McGuirk declined to speak a word about it until Tuesday. He declined interviews through October and into November, citing MLB’s investigation. When the investigation ended in November and Coppolella was banned for life and president of baseball operations John Hart was allowed to quietly tiptoe out the backdoor without public condemnation, McGuirk continued his no-speak stance (beyond a brief printed statement).
Fast forward to spring training. McGuirk and I chatted about his decision not to chat. He initially declined an on-the-record interview. I suggested the possibility of him doing a sort of state-of-the-Braves interview before the season. That morphed into Tuesday, when I sat in a team board room with Tim Tucker and David O’Brien of the Atlanta Journal-Constitution and McGuirk, Anthopoulos, Derek Schiller and Mike Plant of the Braves.
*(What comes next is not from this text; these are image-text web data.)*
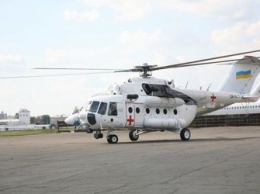 В Днепр на вертолете доставили бойца с тяжелыми ранениями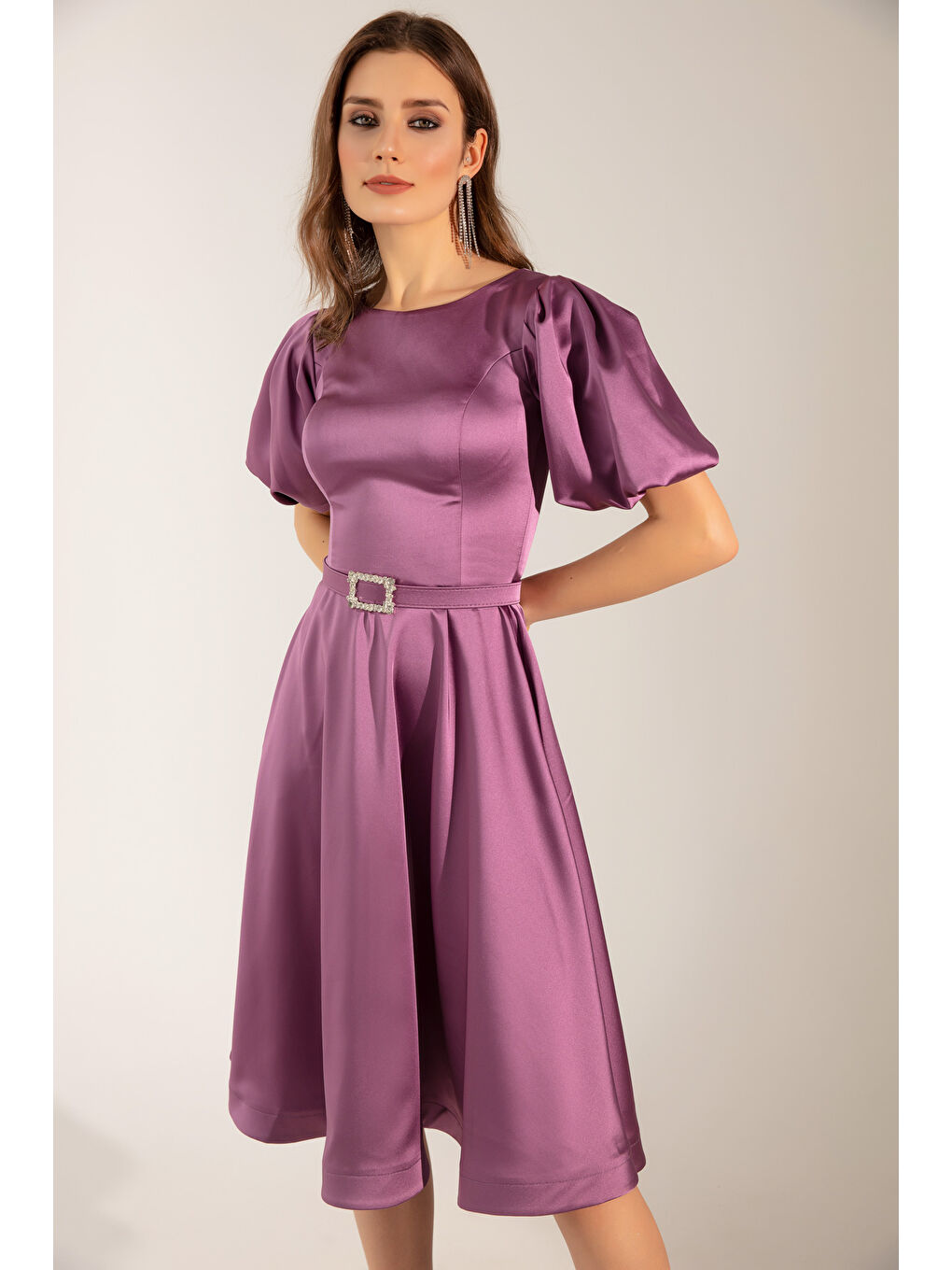 Lila Kadın Lavanta Balon Kollu Taşlı Kemerli Mini Saten Abiye Elbise-2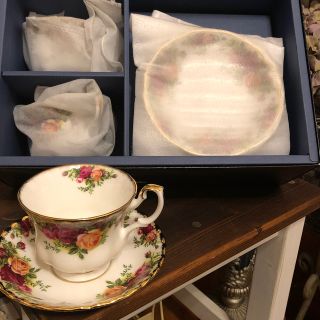 ロイヤルアルバート(ROYAL ALBERT)のロイヤル・アルバート ティーカップ＆ソーサー(3客)(食器)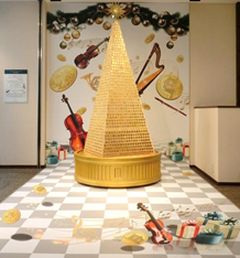 World's First Christmas Tree Made from 2017 Vienna Philharmonic Coins on display at renowned GINZA TANAKA Ginza Main Store
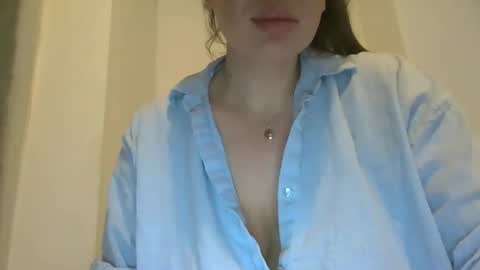 Snapshot of candice_tessy chatting on October 20, 5:07 pm Candice online show from October 20, 5:07 pm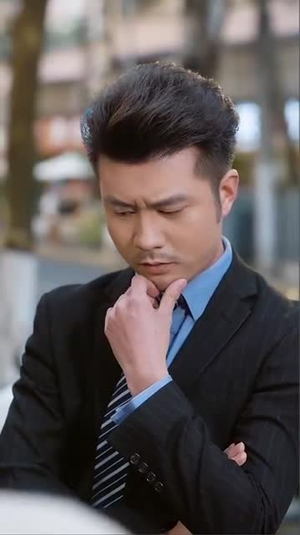 左耳听你说爱我丨72集高清短剧随时看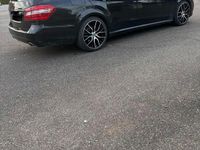 Gebraucht Mercedes E350 Elegance 231 PS (169 kW) 2009 Schwarz Kombi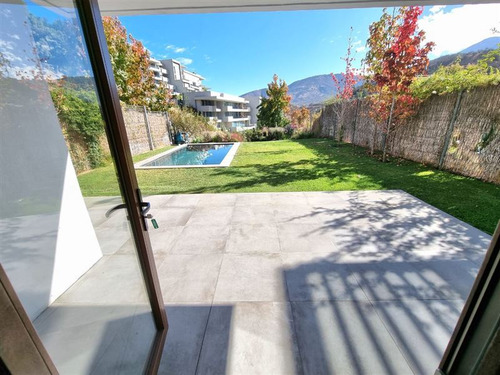 Imagen 2 de 20 de Casa En Venta En Lo Barnechea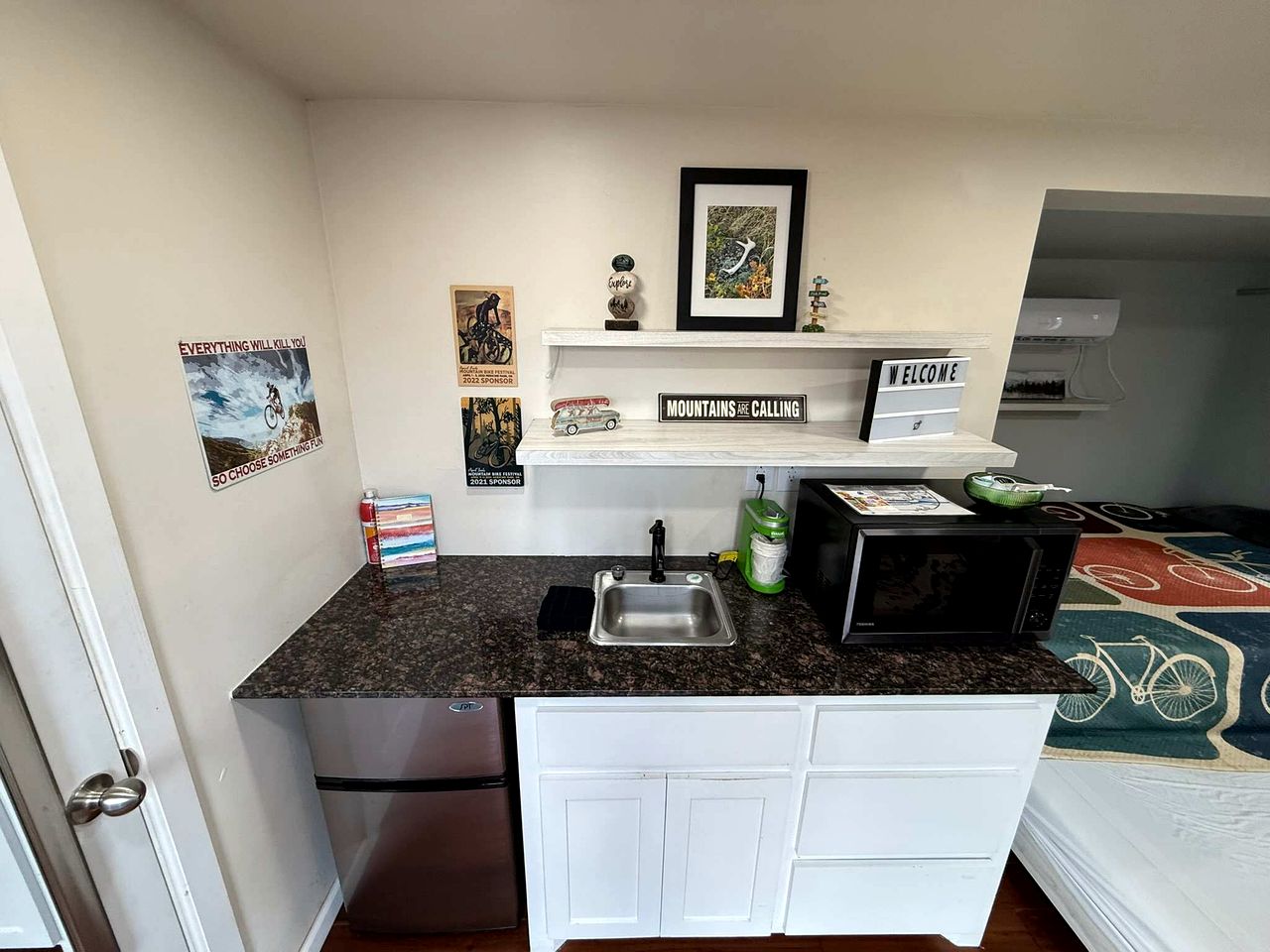 Charming Tiny House with Upper Deck near Fort Sill in Medicine Park, OK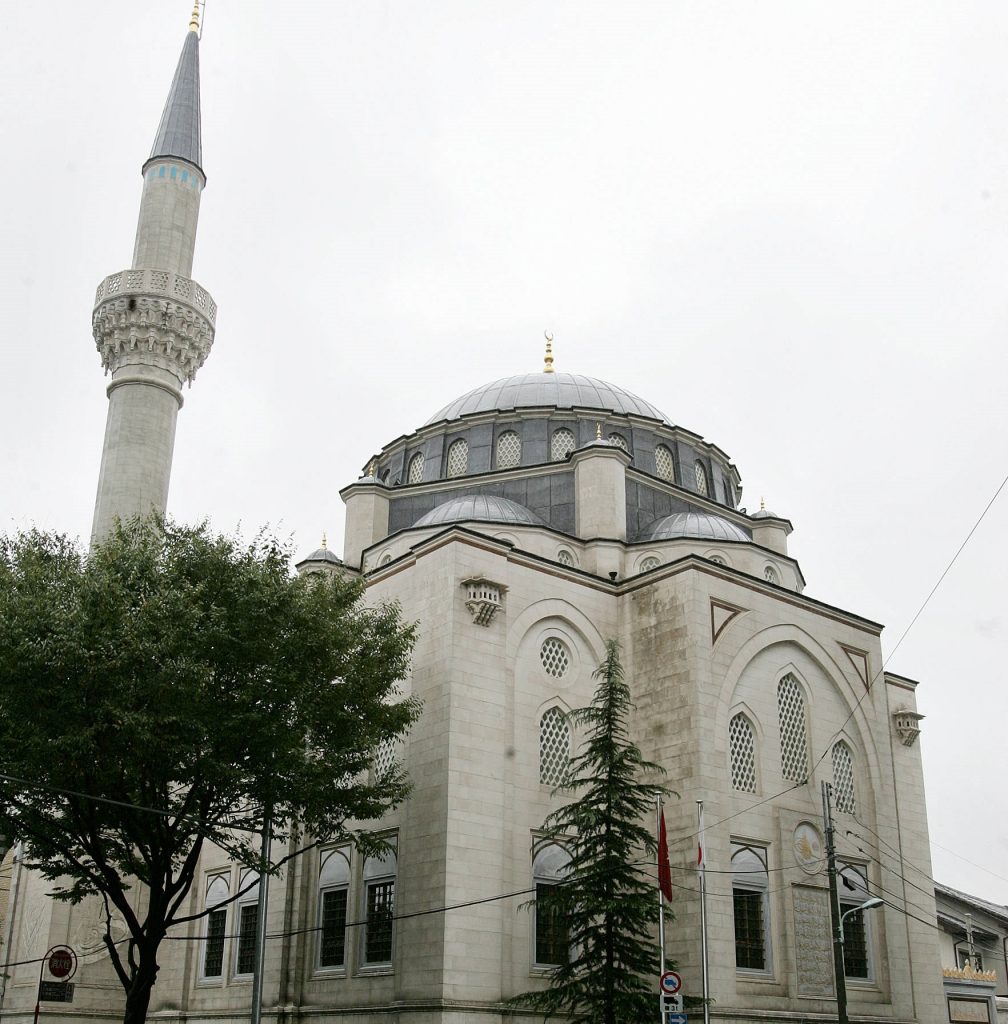 東京における1938年5月12日の日本初のモスク開設は、イスラム世界の救い手だとする日本の意図の象徴とみなされた。(AFP)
Yes, everybody wants to move on. But it’s difficult to move on without understanding what went wrong in the past and why anybody should be confident this dark chapter of franchise history won’t be repeated.
McGuirk attempted to do that. He said he knew nothing about Coppolella’s actions, which took place over a span of more than three years. That seems dubious. But that’s his story and he’s sticking to it, and neither Coppolella, nor Blakely, nor Hart — who stunningly was allowed to step back into his MLB Network job despite his soiled immediate past — are saying anything publicly to counter that.
McGuirk maintains Coppolella went rogue, that he did this all on his own. Whether you believe him, it’s the easiest way to protect the team brand and build trust with fans.
He said he knew nothing of rules violations until MLB contacted him.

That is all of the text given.